Cependant à l’aune d’une «Société 3.0», toute numérique, ou les exploits et acquis d’aujourd’hui relèveront demain de l’antiquité, il est tout à fait légitime de nous interroger sur l’efficacité, voire l’efficience, de la commande publique. D’autant plus que certains critères économiques de suivi-évaluation  méritent réflexion.
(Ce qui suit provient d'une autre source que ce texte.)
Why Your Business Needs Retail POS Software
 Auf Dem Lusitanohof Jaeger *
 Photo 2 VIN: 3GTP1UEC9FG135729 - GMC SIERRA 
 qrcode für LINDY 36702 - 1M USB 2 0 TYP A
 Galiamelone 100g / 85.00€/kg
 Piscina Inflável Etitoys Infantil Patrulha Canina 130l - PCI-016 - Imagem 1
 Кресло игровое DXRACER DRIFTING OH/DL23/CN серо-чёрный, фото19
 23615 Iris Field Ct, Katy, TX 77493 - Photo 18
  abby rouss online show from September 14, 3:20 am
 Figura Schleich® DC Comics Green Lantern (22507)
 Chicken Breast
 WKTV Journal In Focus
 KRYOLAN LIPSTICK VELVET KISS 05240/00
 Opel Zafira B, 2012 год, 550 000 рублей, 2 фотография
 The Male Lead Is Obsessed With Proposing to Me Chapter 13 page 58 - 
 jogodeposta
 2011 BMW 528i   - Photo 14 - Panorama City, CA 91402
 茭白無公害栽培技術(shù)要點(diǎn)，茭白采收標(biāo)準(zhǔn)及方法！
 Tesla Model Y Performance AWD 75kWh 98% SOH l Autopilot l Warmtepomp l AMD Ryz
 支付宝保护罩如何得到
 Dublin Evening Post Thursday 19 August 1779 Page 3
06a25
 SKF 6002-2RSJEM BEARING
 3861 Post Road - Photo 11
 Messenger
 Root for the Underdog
Il s’agit, par exemple, du taux d’absorption des crédits publics ainsi que les durées d’exécution des projets de l’Etat.

Toutes les données disponibles agrégées au niveau des agences, sociétés nationales et ministères montrent une relative faiblesse du taux d’absorption des crédits budgétaires, en moyenne entre 30 et 75%; et l’extrême lenteur dans la réalisation des projets publics dépassant souvent une moyenne de 30 mois, entre le début des consultations et la livraison des ouvrages aux populations.

En toute évidence le Code des marchés publics n’est pas la seule cause, mais  pour beaucoup d’acteurs il demeure le premier responsable de cette situation qui impacte négativement la compétitivité économique du Sénégal.

Devons-nous rester statiques et nous contenter des acquis de l’actuel code au risque d’être taxés de nombrilisme ? Ou devons-nous avoir le courage et la volonté de constater scientifiquement les faits pour nous interroger et anticiper sur l’avenir ?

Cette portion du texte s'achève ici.